TASK TO COMPLETE —
Show all lines of the listing that contain the word "Blot".

RECORDED DATA —
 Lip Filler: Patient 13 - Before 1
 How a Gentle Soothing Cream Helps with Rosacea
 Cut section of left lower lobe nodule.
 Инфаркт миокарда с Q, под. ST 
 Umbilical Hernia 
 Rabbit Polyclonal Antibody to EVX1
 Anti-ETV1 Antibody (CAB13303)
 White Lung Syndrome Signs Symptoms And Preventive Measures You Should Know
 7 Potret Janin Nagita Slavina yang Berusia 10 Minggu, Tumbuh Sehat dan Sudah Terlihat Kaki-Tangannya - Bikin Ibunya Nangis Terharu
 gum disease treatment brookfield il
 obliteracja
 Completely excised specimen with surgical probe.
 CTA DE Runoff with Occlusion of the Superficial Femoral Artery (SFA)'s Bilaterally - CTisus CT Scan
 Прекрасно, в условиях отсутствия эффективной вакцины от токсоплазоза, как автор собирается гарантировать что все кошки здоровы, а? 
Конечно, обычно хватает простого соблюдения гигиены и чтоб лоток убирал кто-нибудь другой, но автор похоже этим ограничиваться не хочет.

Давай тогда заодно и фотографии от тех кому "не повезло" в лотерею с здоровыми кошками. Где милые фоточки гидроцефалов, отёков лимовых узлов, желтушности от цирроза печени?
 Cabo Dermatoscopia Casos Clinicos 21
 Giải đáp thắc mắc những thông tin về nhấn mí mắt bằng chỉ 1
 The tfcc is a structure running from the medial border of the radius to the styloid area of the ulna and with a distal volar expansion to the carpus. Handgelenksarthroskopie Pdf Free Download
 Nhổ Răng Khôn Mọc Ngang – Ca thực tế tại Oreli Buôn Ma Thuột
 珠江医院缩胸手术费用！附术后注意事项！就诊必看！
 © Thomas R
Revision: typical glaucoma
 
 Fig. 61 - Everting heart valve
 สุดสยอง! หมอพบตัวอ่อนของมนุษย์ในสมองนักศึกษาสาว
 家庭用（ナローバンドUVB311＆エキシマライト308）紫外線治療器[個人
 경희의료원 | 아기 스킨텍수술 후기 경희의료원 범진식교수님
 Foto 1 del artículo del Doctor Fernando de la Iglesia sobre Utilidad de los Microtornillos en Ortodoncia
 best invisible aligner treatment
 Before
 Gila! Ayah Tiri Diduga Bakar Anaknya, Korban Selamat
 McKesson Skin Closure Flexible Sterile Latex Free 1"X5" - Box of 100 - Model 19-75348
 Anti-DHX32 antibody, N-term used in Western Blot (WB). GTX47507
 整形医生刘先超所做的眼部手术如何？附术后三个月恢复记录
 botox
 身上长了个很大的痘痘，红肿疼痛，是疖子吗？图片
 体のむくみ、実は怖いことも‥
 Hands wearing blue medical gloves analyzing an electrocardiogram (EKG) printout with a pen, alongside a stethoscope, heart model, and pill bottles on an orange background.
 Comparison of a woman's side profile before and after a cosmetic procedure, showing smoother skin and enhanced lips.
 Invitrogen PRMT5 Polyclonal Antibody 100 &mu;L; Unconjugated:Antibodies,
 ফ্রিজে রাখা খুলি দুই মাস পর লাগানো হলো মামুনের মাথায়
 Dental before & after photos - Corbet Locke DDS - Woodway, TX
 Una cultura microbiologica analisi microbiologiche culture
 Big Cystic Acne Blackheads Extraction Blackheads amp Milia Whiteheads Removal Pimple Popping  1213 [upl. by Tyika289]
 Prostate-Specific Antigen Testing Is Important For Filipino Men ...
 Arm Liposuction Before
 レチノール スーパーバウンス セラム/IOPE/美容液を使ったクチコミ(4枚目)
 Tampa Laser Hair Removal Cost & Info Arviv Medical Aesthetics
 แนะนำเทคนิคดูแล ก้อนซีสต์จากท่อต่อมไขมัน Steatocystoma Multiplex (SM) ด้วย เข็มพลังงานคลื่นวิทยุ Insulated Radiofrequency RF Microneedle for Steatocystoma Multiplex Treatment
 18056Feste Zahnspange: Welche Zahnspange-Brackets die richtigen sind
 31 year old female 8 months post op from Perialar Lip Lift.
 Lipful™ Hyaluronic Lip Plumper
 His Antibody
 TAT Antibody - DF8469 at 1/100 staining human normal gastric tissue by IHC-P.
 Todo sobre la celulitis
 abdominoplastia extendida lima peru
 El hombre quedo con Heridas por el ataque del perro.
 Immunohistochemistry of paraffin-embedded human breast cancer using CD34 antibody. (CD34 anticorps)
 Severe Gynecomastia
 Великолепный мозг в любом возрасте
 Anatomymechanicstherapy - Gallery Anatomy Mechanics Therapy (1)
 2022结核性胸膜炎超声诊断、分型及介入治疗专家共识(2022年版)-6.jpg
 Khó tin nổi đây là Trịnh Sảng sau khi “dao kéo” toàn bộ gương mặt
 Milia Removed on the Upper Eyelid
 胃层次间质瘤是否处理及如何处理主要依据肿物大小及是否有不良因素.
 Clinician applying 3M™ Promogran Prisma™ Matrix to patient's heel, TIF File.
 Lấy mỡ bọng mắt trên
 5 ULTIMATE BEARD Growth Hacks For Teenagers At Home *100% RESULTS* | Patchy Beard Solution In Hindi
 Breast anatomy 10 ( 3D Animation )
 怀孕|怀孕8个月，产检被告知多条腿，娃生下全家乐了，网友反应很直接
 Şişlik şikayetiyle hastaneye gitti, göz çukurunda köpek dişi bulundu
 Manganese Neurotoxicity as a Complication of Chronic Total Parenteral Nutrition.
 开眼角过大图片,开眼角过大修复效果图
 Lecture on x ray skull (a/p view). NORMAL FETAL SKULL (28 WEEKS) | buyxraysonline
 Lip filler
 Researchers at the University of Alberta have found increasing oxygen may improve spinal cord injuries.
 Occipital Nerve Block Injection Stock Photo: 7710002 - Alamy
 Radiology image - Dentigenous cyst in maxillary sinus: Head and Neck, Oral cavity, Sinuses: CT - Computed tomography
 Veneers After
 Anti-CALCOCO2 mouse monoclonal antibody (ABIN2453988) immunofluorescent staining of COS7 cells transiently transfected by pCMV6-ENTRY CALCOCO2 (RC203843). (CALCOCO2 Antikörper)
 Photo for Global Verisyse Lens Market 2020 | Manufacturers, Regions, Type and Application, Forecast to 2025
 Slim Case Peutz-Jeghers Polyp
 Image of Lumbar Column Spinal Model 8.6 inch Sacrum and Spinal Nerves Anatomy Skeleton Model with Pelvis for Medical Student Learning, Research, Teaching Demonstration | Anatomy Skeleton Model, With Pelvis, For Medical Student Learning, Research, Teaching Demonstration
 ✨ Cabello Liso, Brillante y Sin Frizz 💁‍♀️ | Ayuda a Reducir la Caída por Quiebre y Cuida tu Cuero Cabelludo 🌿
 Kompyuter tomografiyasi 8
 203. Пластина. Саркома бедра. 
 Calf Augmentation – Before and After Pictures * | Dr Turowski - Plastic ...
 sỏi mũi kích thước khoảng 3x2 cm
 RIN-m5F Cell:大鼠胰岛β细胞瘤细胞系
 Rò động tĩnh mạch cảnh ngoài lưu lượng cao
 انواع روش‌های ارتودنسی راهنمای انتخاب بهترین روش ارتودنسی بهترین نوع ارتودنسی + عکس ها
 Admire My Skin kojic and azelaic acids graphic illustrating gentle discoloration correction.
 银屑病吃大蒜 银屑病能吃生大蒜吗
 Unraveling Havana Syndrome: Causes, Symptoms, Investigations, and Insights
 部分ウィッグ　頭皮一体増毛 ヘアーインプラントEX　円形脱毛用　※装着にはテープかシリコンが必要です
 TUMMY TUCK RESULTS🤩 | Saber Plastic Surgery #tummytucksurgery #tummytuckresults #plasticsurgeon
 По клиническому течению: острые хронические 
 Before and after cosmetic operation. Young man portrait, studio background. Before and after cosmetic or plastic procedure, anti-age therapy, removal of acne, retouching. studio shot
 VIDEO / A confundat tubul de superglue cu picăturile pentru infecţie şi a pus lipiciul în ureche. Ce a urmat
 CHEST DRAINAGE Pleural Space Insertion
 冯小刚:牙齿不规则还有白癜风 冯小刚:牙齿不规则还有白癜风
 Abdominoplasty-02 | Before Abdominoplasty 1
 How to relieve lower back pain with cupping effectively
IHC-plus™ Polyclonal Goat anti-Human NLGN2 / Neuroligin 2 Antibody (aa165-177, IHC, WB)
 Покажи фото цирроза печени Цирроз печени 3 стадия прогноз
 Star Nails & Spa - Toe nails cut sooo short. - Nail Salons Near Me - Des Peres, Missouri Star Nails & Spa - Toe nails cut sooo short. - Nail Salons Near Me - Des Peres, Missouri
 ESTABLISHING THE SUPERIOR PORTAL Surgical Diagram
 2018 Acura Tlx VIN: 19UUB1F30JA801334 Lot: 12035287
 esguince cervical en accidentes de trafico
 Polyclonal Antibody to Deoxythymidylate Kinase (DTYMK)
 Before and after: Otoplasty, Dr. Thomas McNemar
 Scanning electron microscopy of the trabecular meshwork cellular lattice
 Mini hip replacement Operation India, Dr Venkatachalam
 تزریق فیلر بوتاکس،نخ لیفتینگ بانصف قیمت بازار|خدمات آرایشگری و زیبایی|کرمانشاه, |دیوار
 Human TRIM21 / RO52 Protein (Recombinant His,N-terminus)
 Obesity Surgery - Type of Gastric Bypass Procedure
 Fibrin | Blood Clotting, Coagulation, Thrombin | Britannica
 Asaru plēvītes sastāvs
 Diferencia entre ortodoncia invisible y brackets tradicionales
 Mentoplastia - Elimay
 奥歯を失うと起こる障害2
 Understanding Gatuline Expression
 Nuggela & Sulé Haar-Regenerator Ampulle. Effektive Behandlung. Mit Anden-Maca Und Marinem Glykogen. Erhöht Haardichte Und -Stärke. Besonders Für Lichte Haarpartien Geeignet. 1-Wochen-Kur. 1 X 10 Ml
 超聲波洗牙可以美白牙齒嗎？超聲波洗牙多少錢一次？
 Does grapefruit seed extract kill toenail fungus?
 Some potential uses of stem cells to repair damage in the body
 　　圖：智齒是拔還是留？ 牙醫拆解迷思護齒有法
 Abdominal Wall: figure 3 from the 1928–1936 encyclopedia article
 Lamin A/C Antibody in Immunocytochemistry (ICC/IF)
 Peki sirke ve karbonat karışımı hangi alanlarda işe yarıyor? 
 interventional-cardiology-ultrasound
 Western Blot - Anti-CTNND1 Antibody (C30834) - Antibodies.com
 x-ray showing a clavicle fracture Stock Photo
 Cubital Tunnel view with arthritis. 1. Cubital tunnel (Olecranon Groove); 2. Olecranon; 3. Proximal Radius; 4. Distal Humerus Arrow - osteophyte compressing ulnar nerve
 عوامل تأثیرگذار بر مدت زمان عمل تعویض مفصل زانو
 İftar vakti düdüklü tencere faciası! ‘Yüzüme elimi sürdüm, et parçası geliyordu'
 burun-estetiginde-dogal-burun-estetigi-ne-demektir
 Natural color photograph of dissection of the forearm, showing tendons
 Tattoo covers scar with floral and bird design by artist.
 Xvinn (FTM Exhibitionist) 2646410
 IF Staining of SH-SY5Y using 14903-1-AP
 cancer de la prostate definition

WRITTEN REPLY —
 Anti-DHX32 antibody, N-term used in Western Blot (WB). GTX47507
 Western Blot - Anti-CTNND1 Antibody (C30834) - Antibodies.com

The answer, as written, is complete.